Franklin D. Roosevelt

Address at Worcester, Mass.

October 21, 1936

Senator Walsh, Governor Curley, Mayor Sullivan, and my friends of New England:

I am glad to be in New England—New England from which have come most of my forebears. In recent weeks I have traveled through a great part of the United States. I have spoken about farming and mining and livestock, about business big and little, about the wage earner, about the national debt, about drought and flood, about work for the needy unemployed and about security— security for our people and for their homes.

I have found a Nation more greatly prosperous, more definitely on the highway to complete recovery than at any time in the past seven years. I have seen the record of what we have done in the faces of the people I have met. We have banished Old Man Gloom.
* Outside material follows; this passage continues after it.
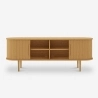 Mueble TV de madera vintage con puertas correderas acanaladas Fersit Características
It has taken only one day of driving through Rhode Island and Massachusetts to prove to me that New England is in step and on the march with the rest of the Nation.

I have seen things today even more welcome to me than your lovely autumn foliage. I have seen the smoke from factories which three and a half years ago were smokeless. I have heard the sound of mills which three and a half years ago were silent. I have seen men at work who three and a half years ago were jobless. I have seen women and children who, after long years of fear, have begun to live and hope again.
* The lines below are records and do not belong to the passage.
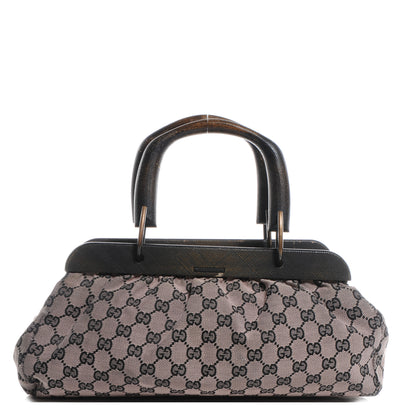 Gucci Monogram Wood Handle Frame Doctor Bag Black 1 of 7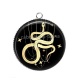 Pendentif Cabochon Argent - serpent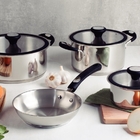 Jogo De Panelas Solar Silicone Inox Fundo Triplo 4 Peças Tram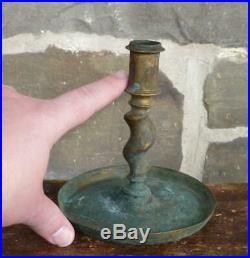 ANTIQUE 17th CENTURY BRASS CANDLESTICK LIGHTING CANDLE HOLDER EARLY C. 1690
Three and a half years ago we declared war on the depression. You and I know today that that war is being won.

But now comes that familiar figure—the well-upholstered hindsight critic. He tells us that our strategy was wrong, that the cost was too great, that something else won the war. That is an argument as old as the remorse of those who had their chance and muffed it. It is as recent as the claims of those who say that they could have done better.

You may remember the First Battle of the Marne in the World War. Almost everybody thought that it was Marshal Joffre who had won it. But some refused to agree. One day, a newspaperman appealed to Marshal Joffre: "Will you tell me who did win the Battle of the Marne?" "I can't answer that," said the Marshal. "But I can tell you that if the Battle of the Marne had been lost the blame would have been on me."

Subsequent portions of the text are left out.